Wave then breaks the investment into fractional shares, offering clients the option to sell their shares in the whiskey business on a secondary market.

Tsai, an investment veteran who, prior to joining Wave, cut his teeth at firms like Merrill Lynch, AllianceBernstein, and Bank of America, initially considered fractionalizing things such as Japanese racehorses, clean water, real estate, and even carbon credits, but eventually settled on whiskey.

“We like the simplicity of it, and discussion around being able to insure it, being able to store it. We’re not playing with it much,” Tsai says. “And people like whiskey.”

Currently, the whiskey investment is available only to high-net-worth investors who do business with Wave.

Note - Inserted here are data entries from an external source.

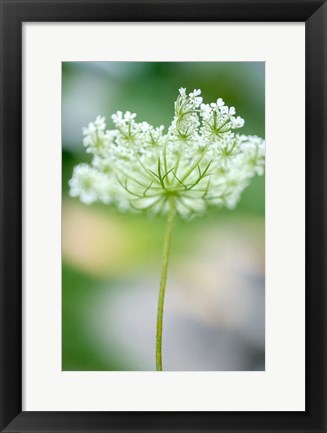 Framed Queen Anne&#39;s Lace Flower 3 Print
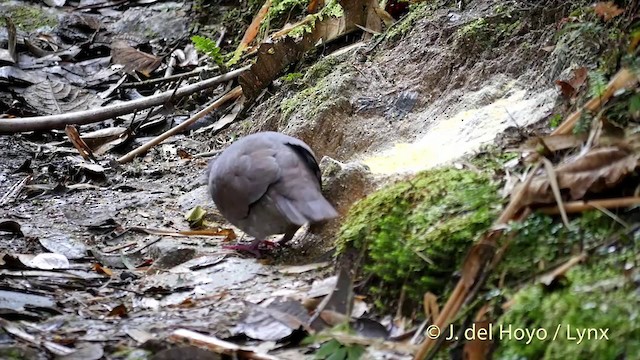 White-throated Quail-Dove - ML201398031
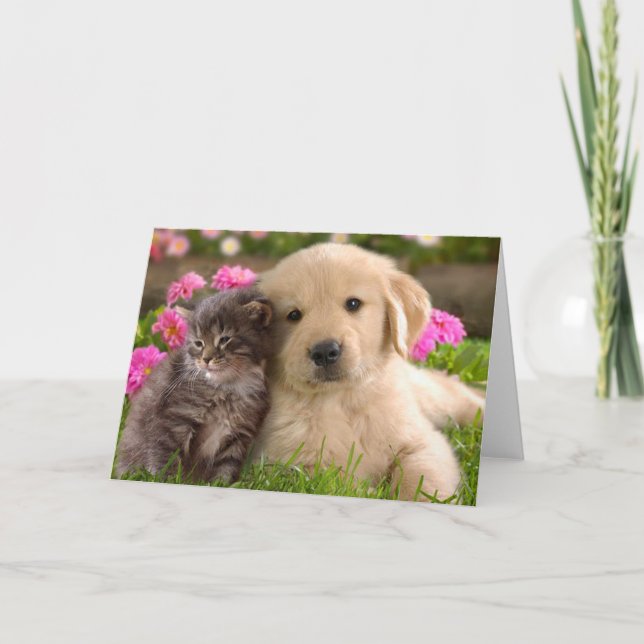 Golden Retriever Puppy Hund & Kitten Kärlek Kort (Framsida)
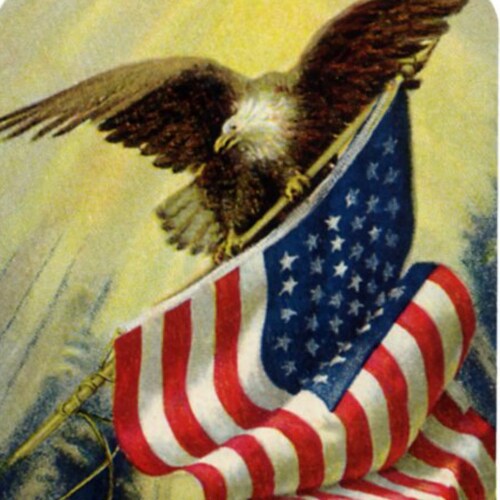 Conservador, Amo a los Estados Unidos de America.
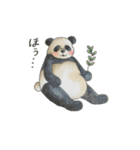 animals Friend over the World（個別スタンプ：15）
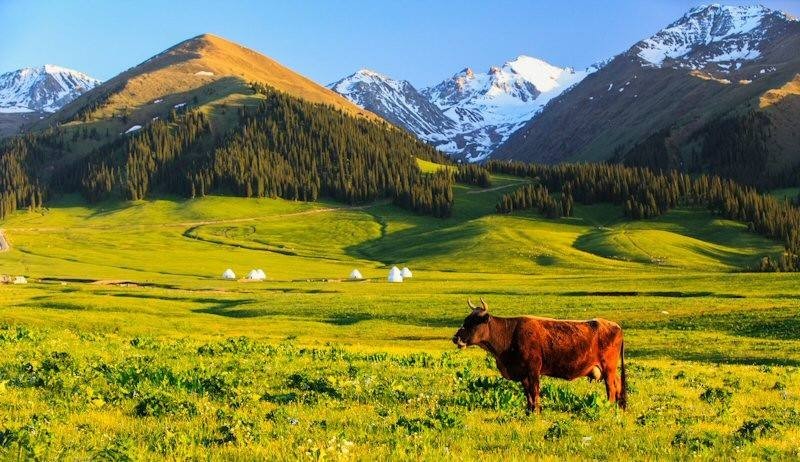 武汉又加开高铁线了，去兰州、乌鲁木齐这些地方玩，省钱又省时啦！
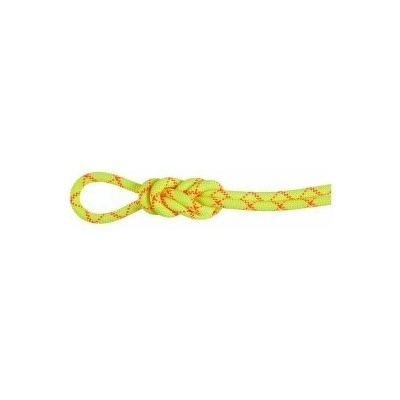 Mammut 9.5 Alpine Core Protect Dry Rope 50 m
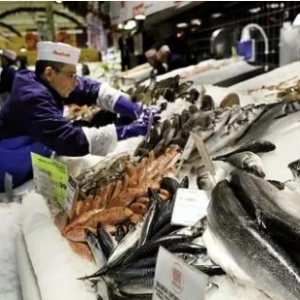 全國主要水產品批發市場報價動態與日用百貨銷售渠道淺析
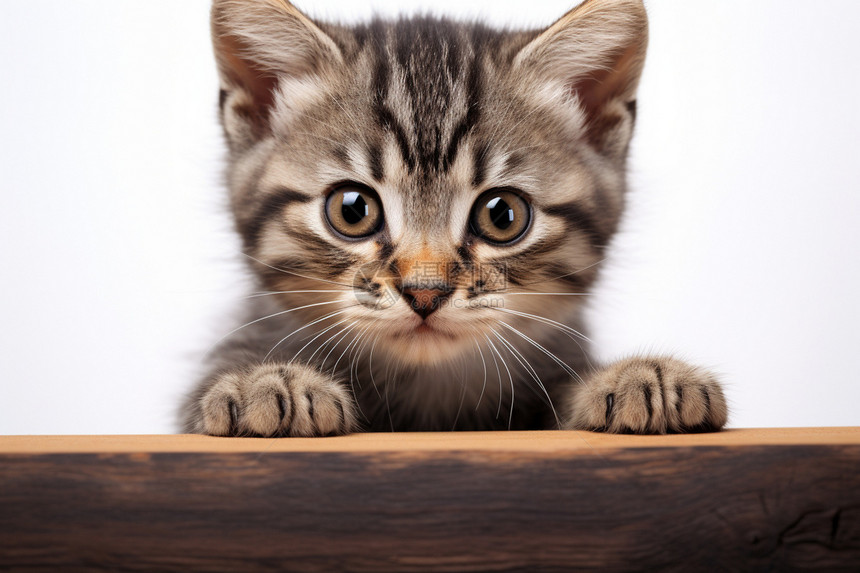 趴着木板的猫咪图片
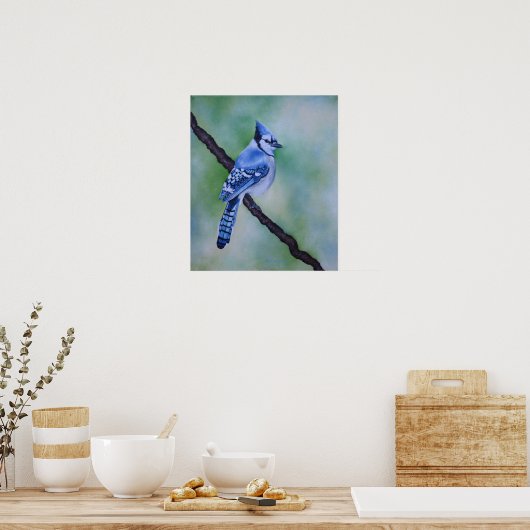 Blue Jay Canvas afdrukken Poster (Keuken)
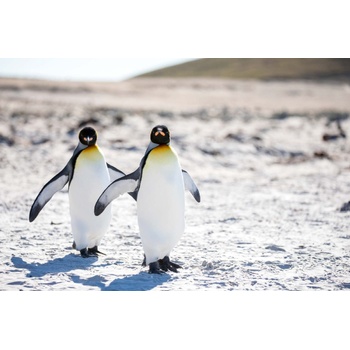 DIMEX ART s. r. o Флизелинов фототапет пингвини в антарктида 375 x 250 см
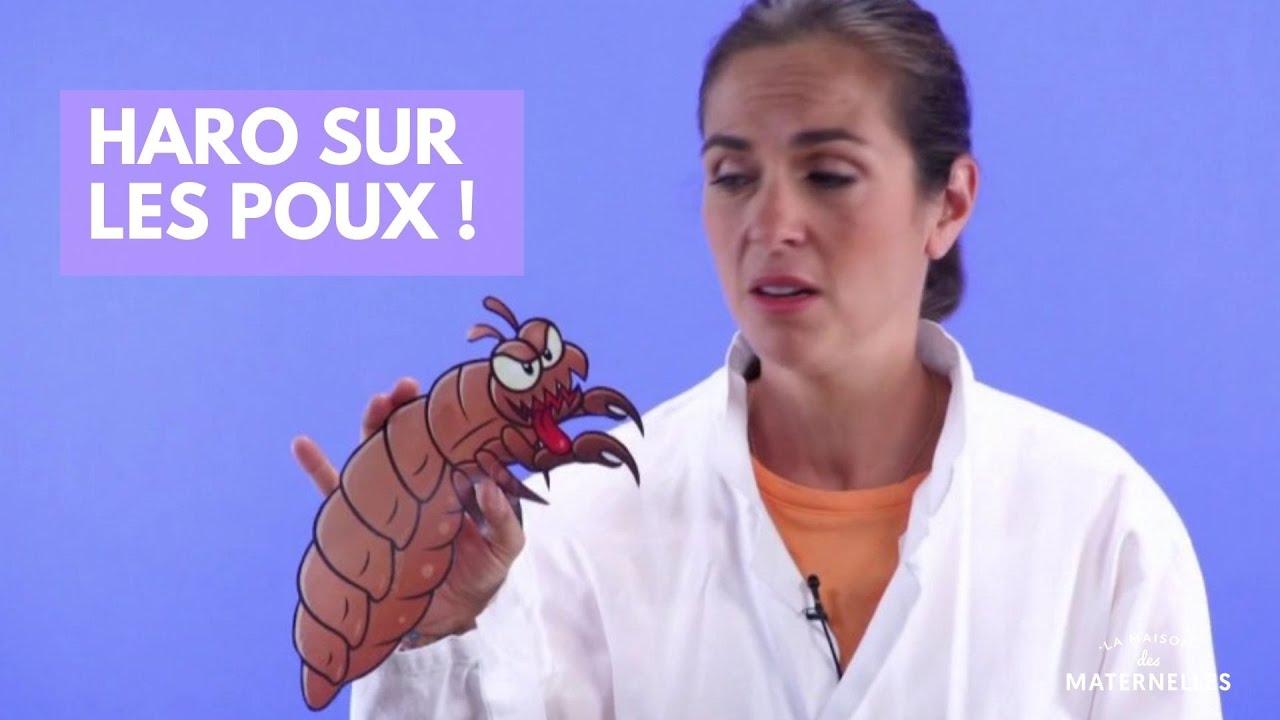 Haro sur les poux ! - La Maison des maternelles #LMDM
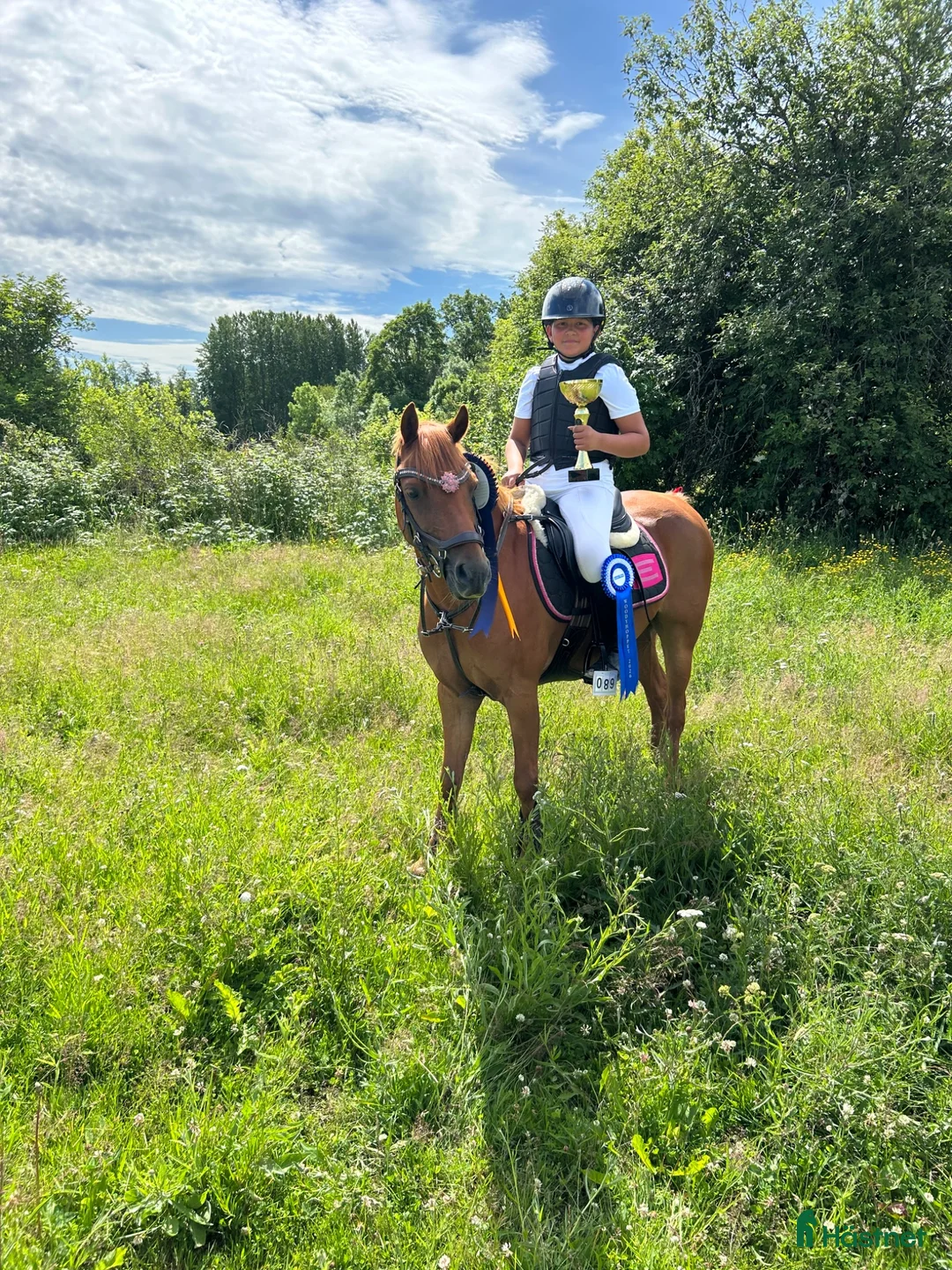 Allround hästar till salu: Bästa vän och hopponny ❤️ - Annons 1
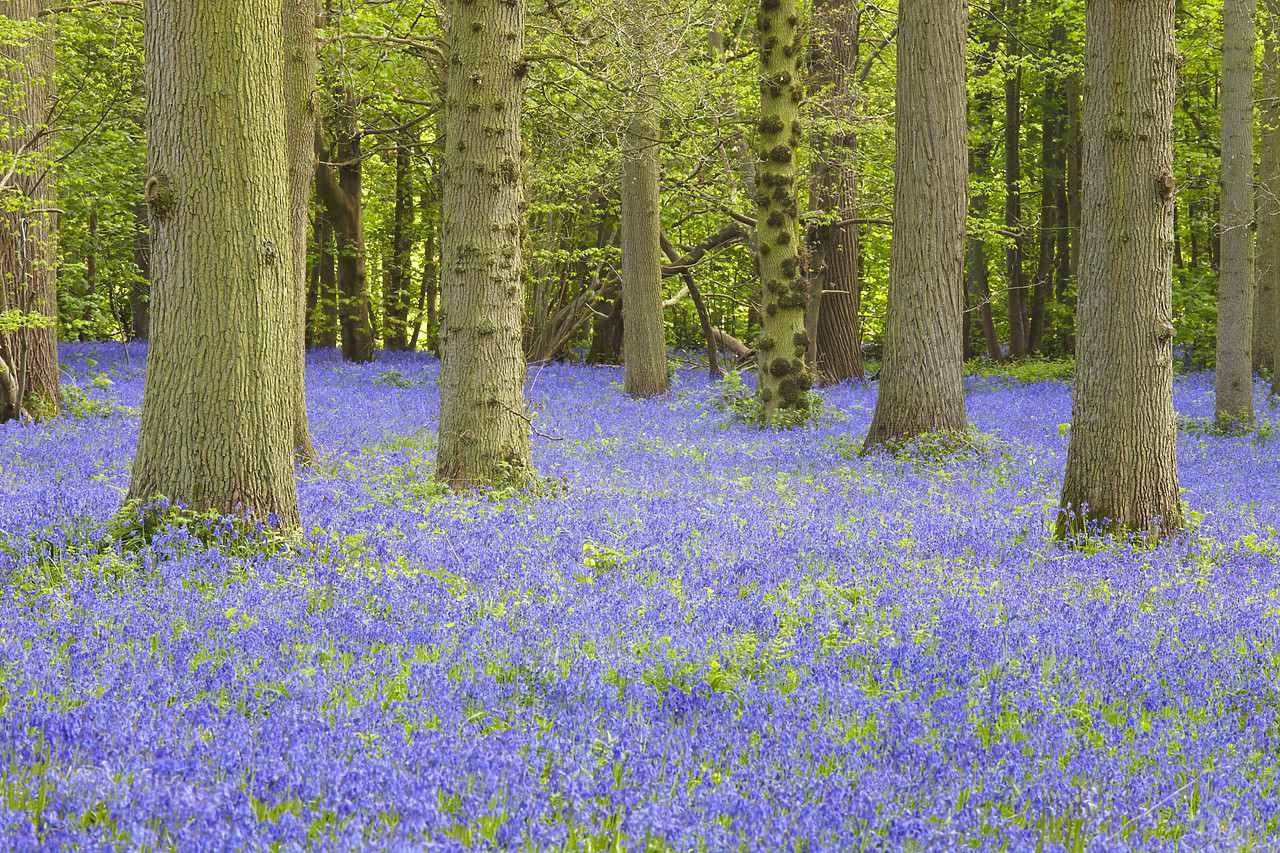 #090096-1 - Bluebell Wood, Blickling Estate, Norfolk, England
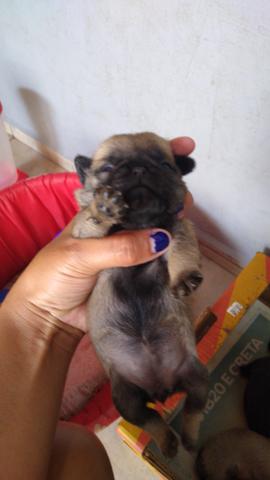Filhotes de pug - Foto 2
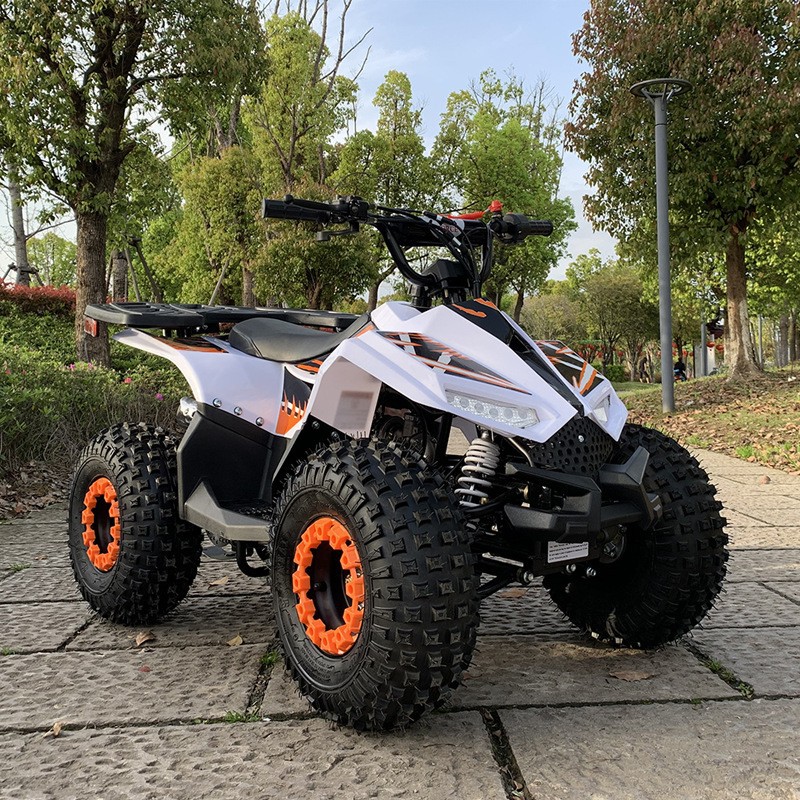 Outdoor Adventure Quad Biking - ATV 125CC, Piccolo Veicolo Fuoristrada Falcon,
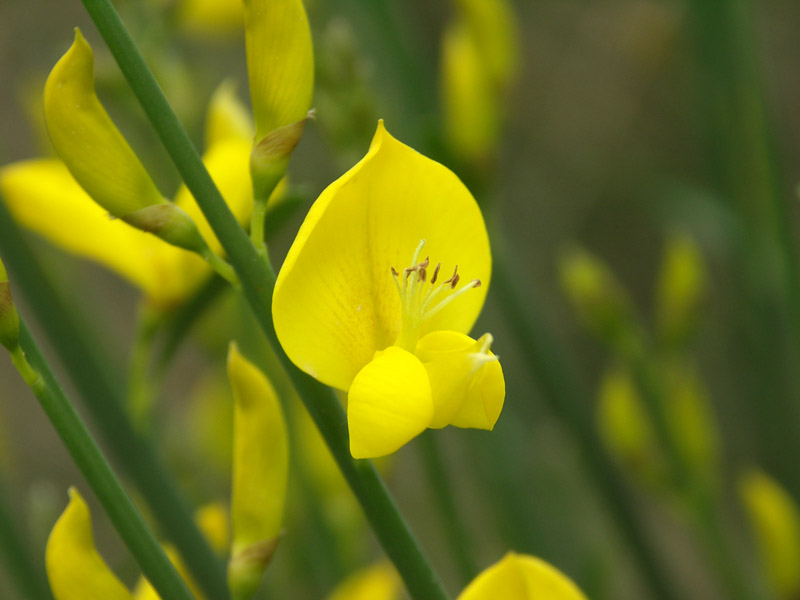 photo "***" tags: macro and close-up, nature, flowers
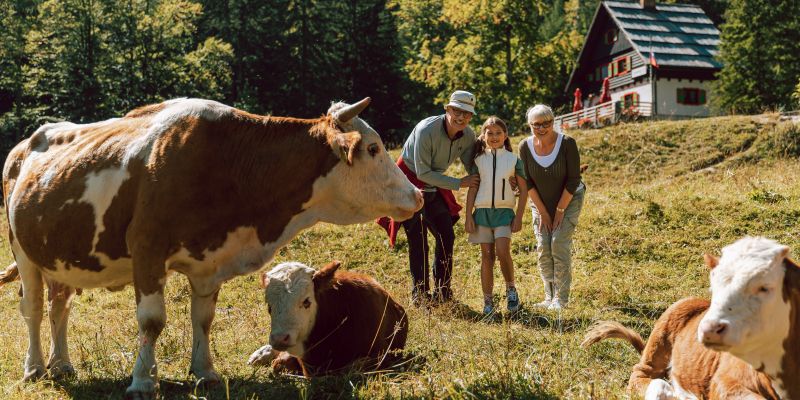 hit-alpinea, kranjska-gora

Tsai thought about making it available to retail investors but noted there were “a lot of hurdles built around that,” including SEC exemptions and possible reporting requirements.

So, even as fractionalization has allowed for a more democratized investing landscape, investing in many fractional assets remains available only to those who can easily part with hundreds of thousands of dollars for a single investment.

But that’s changing, albeit slowly. Peter Krull, CEO and director of Investments at Earth Equity Advisors, has started offering fractionalization of sustainable investment portfolios to everyday investors. Like many wealth advisers, in recent years Krull had turned away from retail clients because, in his words, “The economics simply don’t work.”

“At the same time,” he tells me, “our mission is sustainable investing for all, so we had a disconnect between what our mission was and what we could offer.”

While many players are pushing the envelope on fractionalized investments, there has also been opposition. Washington Wizards guard Spencer Dinwiddie’s attempt to fractionalize and trade shares of his contract was rebuffed by the NBA, and similar attempts to sell shares of intellectual property or patents have been met with resistance from regulators and exchanges wary of becoming government targets for investigation.

This has also kept fractionalized assets from being listed on most well-known brokerage firms, like Robinhood or Schwab. It’s why bretcoin exists on the smaller, niche Uniswap, which allows most anyone to list tokens, provided they’ve got the cash to back it with enough liquidity that investors can freely buy and sell as needed. In fact, eToro’s Hirsch, who also leads the company’s NFT arm, says most of the ideas he hears for fractionalization are not pursued.

For now, most fractionalized securities are operating in what SEC Commissioner Gary Gensler has called the “wild west,” an unregulated environment where — for now at least — most anything goes, and where buyers with the funding and access can put their money in everything from digital whiskey funds to bretcoin.

But the big question is what comes next. Gensler, who was confirmed and sworn into office in April 2021, has made a point of talking up the SEC’s plans for regulating cryptocurrencies and NFTs, and any decisions on those could be seen as applicable to all fractional assets.

How the commission decides to regulate and enforce those rules could mean a lot more publicly traded comedians or whiskey barrels, and a lot more people investing in them. Or it could mean a lot less.